> EXERCISE GOAL
Starting with the line that contains "Dazy Plus Robe" and stopping after the line that contains "Green Suites Villa Rooms", return each line below exactly as written, with no others.

> RECORDS PROVIDED
↓↓↓

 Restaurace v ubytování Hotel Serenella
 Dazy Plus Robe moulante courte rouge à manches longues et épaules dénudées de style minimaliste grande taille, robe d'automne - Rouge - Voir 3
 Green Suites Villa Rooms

↑↑↑
↓↓↓

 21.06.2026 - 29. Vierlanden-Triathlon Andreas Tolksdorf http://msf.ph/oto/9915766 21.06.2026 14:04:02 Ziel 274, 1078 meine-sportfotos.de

↑↑↑
↓↓↓

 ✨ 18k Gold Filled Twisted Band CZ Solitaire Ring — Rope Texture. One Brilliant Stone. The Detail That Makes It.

↑↑↑

> YOUR RESPONSE
 Dazy Plus Robe moulante courte rouge à manches longues et épaules dénudées de style minimaliste grande taille, robe d'automne - Rouge - Voir 3
 Green Suites Villa Rooms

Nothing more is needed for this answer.